- District location in Mozambique
- Country: Mozambique
- Province: Cabo Delgado Province
- Capital: Quissanga

Area
- • Total: 2,150 km^{2} (830 sq mi)

Population (2015)
- • Total: 40,486
- • Density: 18.8/km^{2} (48.8/sq mi)
- Time zone: UTC+3 (EAT)

= Quissanga District =

Quissanga District is a district of Cabo Delgado Province in northern Mozambique. It covers 2118 km2 with a population of 50,259 as of 2017.

== Insurgency ==
Quissanga District has been impacted by the Insurgency in Cabo Delgado, with the district's eponymous town of Quissanga being captured by insurgents in 2020. Local residents have reported insurgents in the area committing acts of indiscriminate attacks, torture, arson, and the use of child soldiers. As a result, a number of people once residing in Quissanga District have become internally displaced persons, fleeing to other regions, such as Pemba and Metuge.

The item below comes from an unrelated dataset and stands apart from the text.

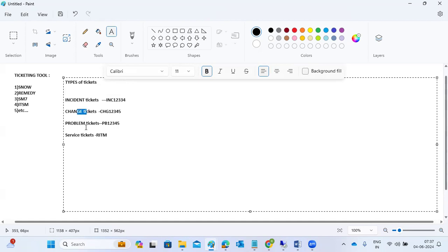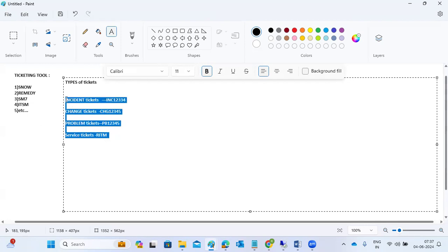For problem tickets, we fix recurring issues permanently. Service tickets (RITM) cover ad-hoc requests like opening or closing RFC connections. There is no SLA for change tickets. In summary, the four types of tickets are: Incident, Change, Problem, and Service request. Any ticketing tool will have these priorities and ticket types — you should remember all of these for interviews.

As of March 2021, Quissanga District was inaccessible to United Nations officials due to the unrest.

== Demographics ==

According to Mozambique's 2017 census, Quissanga District has a population of 50,259. Of this population, there are 24,517 males, 25,742 females, 23,435 people aged 14 and under, 24,746 people aged 15 to 64, and 2,078 people aged 65 and up.